1868年明治維新。1875年江華島事件。1905年第二次日韓協約。この協約が大きな転換点となる。

番組ではこの協約がどのように結ばれたのかを追う。

1894年日清戦争が始まり、キョンボックンを制覇した日本。この当時、朝鮮は清の属国だった。清の影響力を排除しようとする日本は、日本の独立安全には周辺国の独立安全が大事と考えて、朝鮮半島を清から独立させようと考えた。

清に勝利した日本は思惑どおりに清の影響力を排除することに成功するが、遼東半島の割譲を受けたことで、列強の干渉を呼び、返還を余儀なくされる。

ロシアは極東進出を本格化させていた。ウラジオストクを拠点に、冬も凍らない港を手に入れようとするロシアに対し、日本は大国の脅威をまざまざとみせられた三国干渉であった。
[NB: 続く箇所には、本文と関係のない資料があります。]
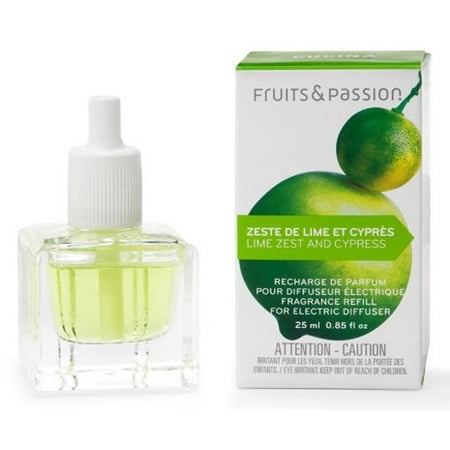 - Cucina Lime Zest & Cypress Electric Fragrance Diffuser Refill 0.85oz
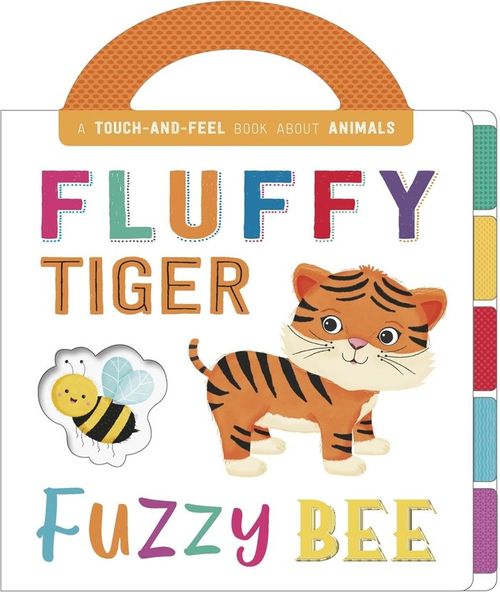 Fluffy Tiger Fuzzy Bee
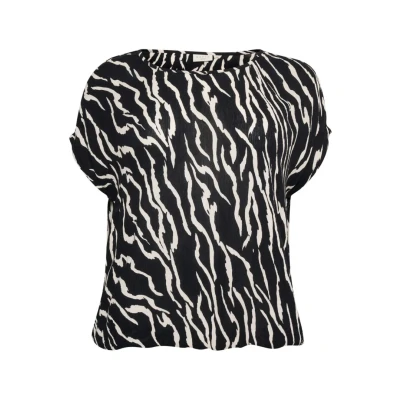 Image de Blouse imprimé femme KAFFE Curve Ami Stanley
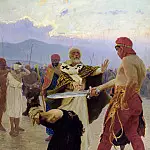 Saint Nicholas Of Myra Saves Three Innocents From Death, Ilya Repin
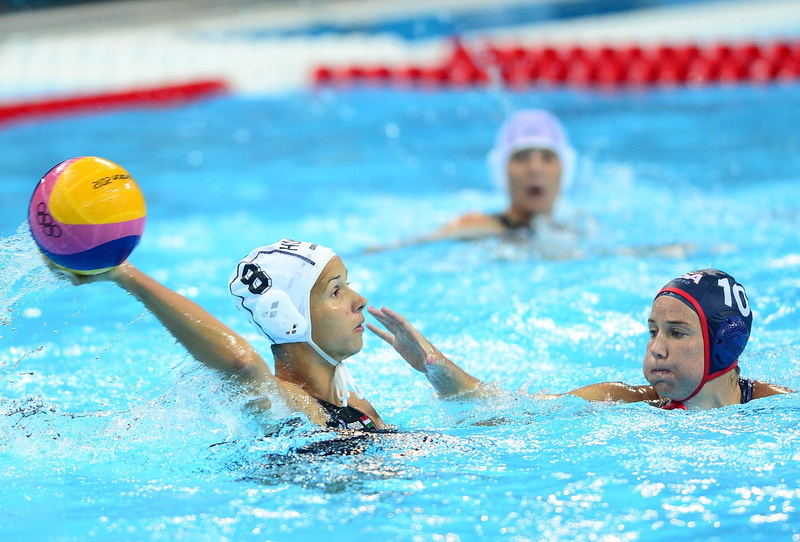water polo, 4K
朝鮮王朝のミンヒ王妃はロシアの力を後ろ盾にしようとするが、日本の三浦はミンヒ王妃を殺害し、焼き捨ててしまう。この事件で国王コジョンは日本に反発し、ロシアの大使館で執務を行なう。

1897年10月、国王は大韓帝国設立を宣言し、独立を世界に示した。

安はこの不安定な時期に、ヤンバンという身分の家に育ち、高い教養をもっていた。現在アメリカに住む安の子孫。「祖父は本当に純粋な人だったと思います。無垢でロマンチストで。」

安は17歳のときにキリスト教に入信。カトリックとの出会いで欧州文化などの広い世界を知り。弱肉強食の時代であることを知る。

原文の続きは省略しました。